What the exercise asks
The response must consist of the lines below from the one with "Grafik_RTLS3.0_Aufbau" through the one with "Подрібнювач харчових відходів", exactly as they appear and with both ends kept.

Record set
══════

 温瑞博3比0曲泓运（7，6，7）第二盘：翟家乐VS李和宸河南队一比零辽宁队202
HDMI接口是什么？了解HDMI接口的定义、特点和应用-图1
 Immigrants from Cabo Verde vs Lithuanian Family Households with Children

══════

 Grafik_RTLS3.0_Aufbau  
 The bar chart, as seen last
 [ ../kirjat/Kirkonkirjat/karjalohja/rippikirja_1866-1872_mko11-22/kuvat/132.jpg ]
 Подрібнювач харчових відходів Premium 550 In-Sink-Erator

══════

Finished task
 Grafik_RTLS3.0_Aufbau  
 The bar chart, as seen last
 [ ../kirjat/Kirkonkirjat/karjalohja/rippikirja_1866-1872_mko11-22/kuvat/132.jpg ]
 Подрібнювач харчових відходів Premium 550 In-Sink-Erator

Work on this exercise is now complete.